Failure modes (introduced; must mitigate)
- Dataspace flooding — a misbehaving agent could flood facts. → rate-limit at netlayer + use revocable observer caps.
- CapTP↔ACP semantic drift — ACP clients (Zed, etc.) will not learn CapTP overnight. → keep ACP server as a thin shim on top of the CapTP-shaped vat; Zed sees ACP, internals are CapTP.
Test vector
client_a.create_session() → cap_A
client_a.handoff(cap_A, to=client_b)
client_b.prompt(cap_A, "...")
observer.subscribe('(session ?id #:model "claude-opus-4-7")')
Capability diff
| Property | Hermes ACP (status quo) | Hermes-over-CapTP+Syndicate |
|---|
| Wire format | bespoke JSON-RPC | Syrup (typed, content-addressable) |
| Authority | bearer token | SturdyRef + revocable forwarders |
| Pipelining | request/response | CapTP promise pipelining |
| Cross-client handoff | reshare token (insecure) | three-vat introduction |
| Discovery | server-curated ListSessions | Syndicate dataspace observers |
| Reconnect | re-auth + LoadSession | restore SturdyRef |
| Failure mode | token leak = full session takeover | cap revocation atomic |
Test-harness location
~/i/goblins-adapter/tests/acp-captp-bisim.scm (todo).
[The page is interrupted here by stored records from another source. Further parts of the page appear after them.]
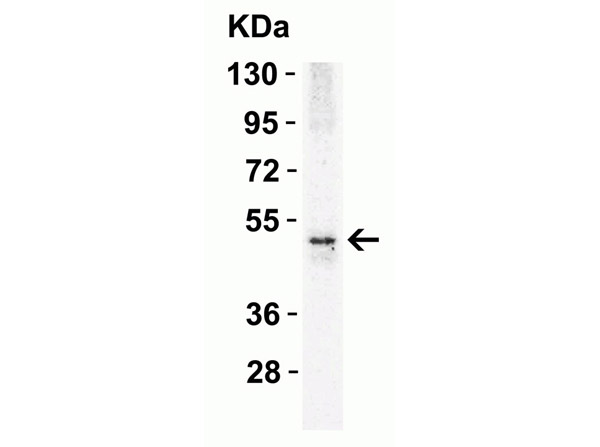 Western Blot Validation of Anti-DR5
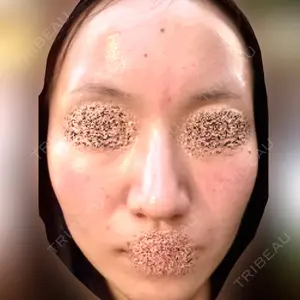 ゆきスキンクリニック 東池袋口コミ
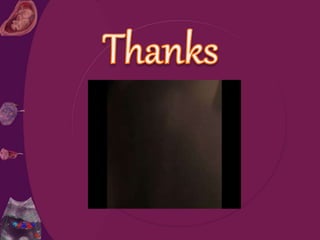 Umblical cord presentation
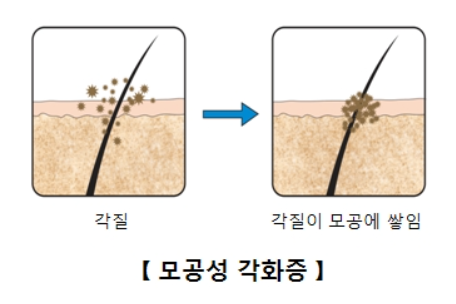 팔과 다리의 오돌토돌한 각질 닭살 피부 관리법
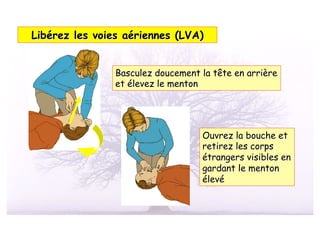 Libérez les voies aériennes (LVA)


                Basculez doucement la tête en arrière
                et élevez le menton




                                   Ouvrez la bouche et
                                   retirez les corps
                                   étrangers visibles en
                                   gardant le menton
                                   élevé
 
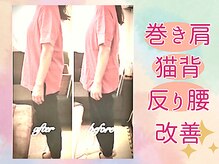 ララスマイル 鶴崎森町店/頭痛 不眠 猫背 首肩こり 整体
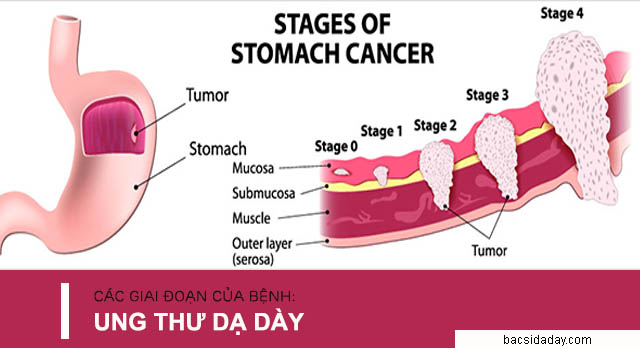 các giai đoạn phát triển của bệnh ung thư dạ dày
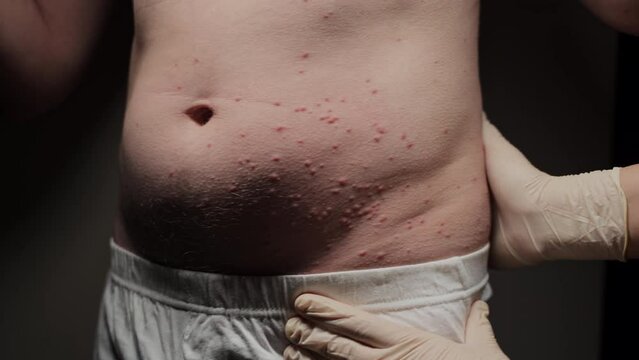 Examination at a specialist's, allergic reaction, numerous pimples observed. Possible insect bites. Intense itching.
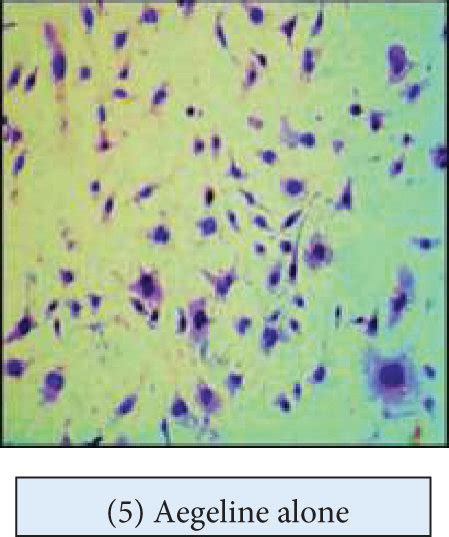 Oil Red O Lipid Staining In IC 21 Cells Treated With Ox LDL And The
G7 bisim probe set must include: ACP-shim ↔ CapTP-direct call equivalence, three-vat handoff, dataspace-vs-list-sessions equivalence under churn.
Cross-impl notes
This is one of the strongest rows for Troupe-Haskell as bisim peer (memory troupe-syndicate-haskell.md) — both OCapN and Syndicate land together in their NLnet milestones, and ACP is the obvious interop target for a Haskell agent harness.
Status: ◐ partial → stub of bridge
Phase 1 priority. The R half lands first (ACP→CapTP shim); the D half (registry→dataspace) lands with hermes-mem-as-dataspace (row 9) since they share the dataspace primitive.